Brüksel’de verilen muhteşem galada, Göbeklitepe ve bölgesine ait yiyecek ve içecek alışkanlıkları sunuldu. Etkinlikte “Bilgi tat almaksa en büyük kütüphane Anadolu” denildi.

Hazreti İbrahim Peygamberin doğduğu, Hazreti Yakup ve Hazreti Eyüp Peygamber’in yaşadığı ve Hazreti İsa Peygamberin kutsadığı şehir Şanlıurfa. Artık insanlık tarihi ile ilgili bütün arkeolojik kabuller ve yiyecek içeceğe dair bilinenler yeniden gözden geçiriliyor. Fırat ve Dicle nehirleriyle filizlenen Göbeklitepe; ‘Bereketli Hilal’ olarak bilinen Mezopotamya’nın bir parçası. Bereketli Hilal, tarihteki ilk şehirlerin, bürokrasinin, yazının ve devletin ortaya çıktığı, başka bir deyişle uygarlığın başlangıç noktası hatta birçok anlamda tarihin sıfır noktası. Göbeklitepe Anadolu’nun uygarlık tarihindeki yerini göstermesi bakımından da ayrı bir öneme sahip. “Beş Denizler Coğrafyası’’nın tam ortasında yer alan Türkiye, tek başına ne sıradan bir Avrupa ülkesi ne Orta Doğu ne de bir Akdeniz ülkesidir. Türkiye aynı anda Avrupalı, Balkanlı, Karadenizli, Kafkasyalı, Orta Doğulu özellikleri taşıyan dünyadaki yegâne ülke. Uzmanlara göre dünyada ilk olarak ‘‘Beş Denizler Coğrafyası’’nda ortaya çıkan yemek pişirme sanatı, sonradan Çin ve Asya mutfakları olarak dünya genelinde ikiye ayrılmış. Birbirlerine benzetilen Çin mutfağı, Japon mutfağının temelini oluşturmuştur. Asya mutfağının gelişim serüveni Mısır mutfağına katkı sağlamış. Mısır mutfağı da Eski Yunan (Grek) mutfağını etkilemiştir ve bu mutfağın da Roma ve Fransız mutfaklarını oluşturduğu iddiaları oldukça gerçekçi yaklaşımlar.

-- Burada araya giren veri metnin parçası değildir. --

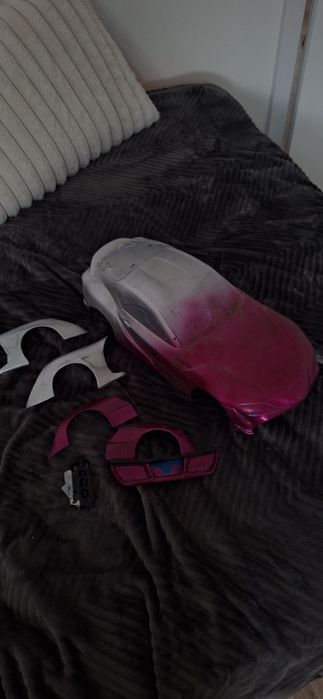 Karoseria rc 1/10 supra mk5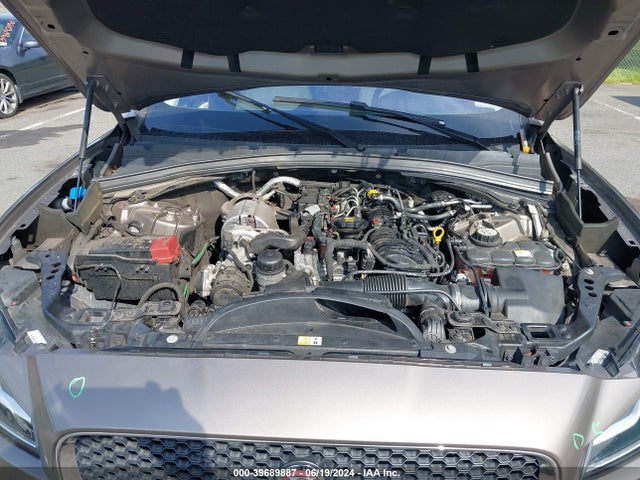 2017 JAGUAR F-PACE SADCK2BN5HA097072 Photo 9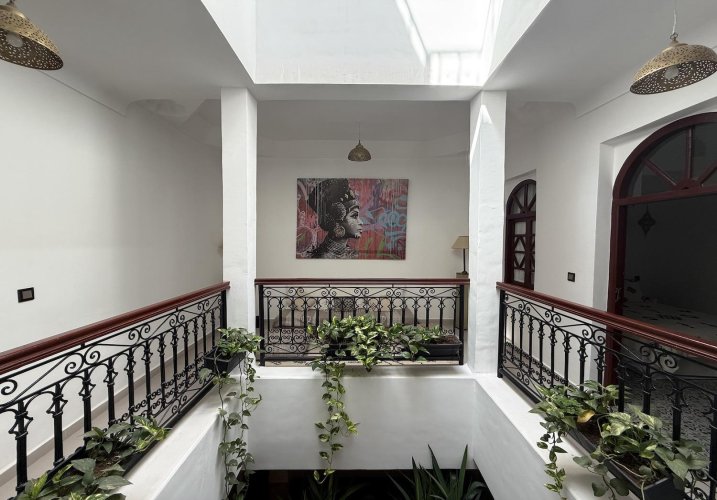 Riad 5 chambres Médina - Médina - Marrakech - 6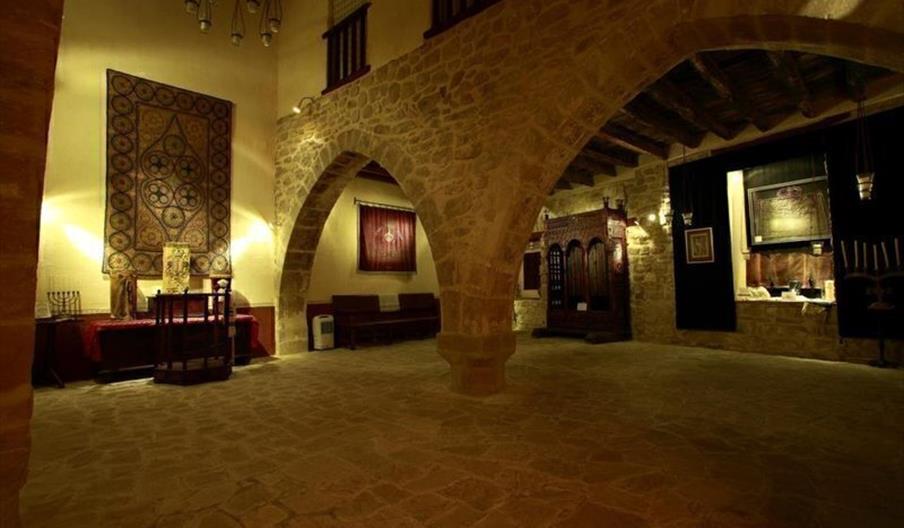 Sinagoga del Agua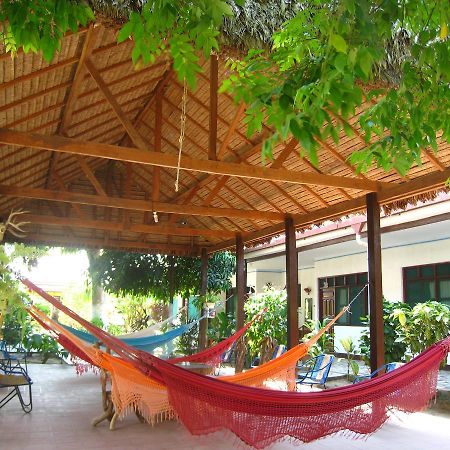 Hotel Oriental Rurrenabaque Exterior foto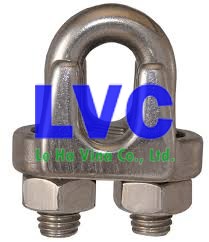 Khóa cáp mạ kẽm, Dây cáp thép, Cáp thép, Lê Hà Vina, Sợi dây cáp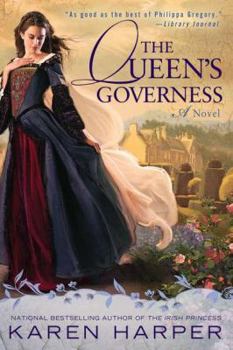 Paperback The Queen's Governess Book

AB’nin merkezinde en büyük sofra

Türkiye Araştırma ve İş Dünyası Kuruluşları (TUR&BO); Türkiye Odalar ve Borsalar Birliği (TOBB), Türkiye Esnaf ve Sanatkârları Konfederasyonu (TESK), Türkiye Bilimsel ve Teknolojik Araştırma Kurumu (TÜBİTAK) ve Küçük ve Orta Ölçekli İşletmeleri Geliştirme ve Destekleme İdaresi Başkanlığı (KOSGEP) tarafından Brüksel’de 2004 yılında kurulmuş bir organizasyon. Bugüne kadar açıkçası hakkında çok fazla şey bilmiyoruz ama öğrendik ki Avrupa Birliği’nin Lizbon Stratejisi kapsamındaki bilim, teknoloji ve özel sektöre yönelik programlarında Türkiye’nin başarısının en yüksek noktaya taşınması amacıyla Belçika yasalarına göre Brüksel’de kurulmuş. İyi ki de kurulmuş. Türkiye’yi Avrupa Birliği ve NATO’nun merkezi Brüksel’de farklı alanlar ve sıra dışı argümanlar ile tanıtıyor. Ayrıca fon yönetimlerinde ya da paylaşımlarında Türkiye adına çalışmalar yapıyorlar. 2018 yılı için konu olarak “Gastronomi” seçilmiş ve inanın çok etkili bir organizasyona imza attılar. Tanıtım filmleri, afiş, roll-up, fotobloklar, heykel replika/modelleme gibi görünürlük materyalleriyle desteklenen organizasyonun hedef kitlesi Avrupa Parlamentosu, yabancı misyon ve diplomatik çevreler. İlk etkinlik Château de la Hulpe isimli şatoda verilen görkemli gala oldu. “Sizlere şüphesiz on iki bin yıl önce yenilen yemekleri sunamıyoruz. Bilim adamları ve araştırmacılar tarafından o tarihlerde tüketildiği düşünülen malzemelere ışık tutacağız” sözleri ile başlayan menü muhteşemdi. Bu anlayışla hazırlanan konsept menü, Alman Arkeolog ve Göbeklitepe Kazı Başkanı Lee Clare Alman Arkeoloji Enstitüsü (DAI) referans alınmış. Uygulamalar, Sade Anadolu Mutfağı Koordinatörü ünlü şef Deniz Şahin, Can Aras, Seyfettin Atalık, İbrahim Ünal, Serkan Öcal ve Müge Çalışkan ekibi tarafından gerçekleştirildi. Etkinliğin yapıldığı şato girişinden başlayarak genel olarak Göbeklitepe ve bölgesine ait yiyecek ve içecek alışkanlıkları akademik araştırmalara dayandırılarak sunuldu. 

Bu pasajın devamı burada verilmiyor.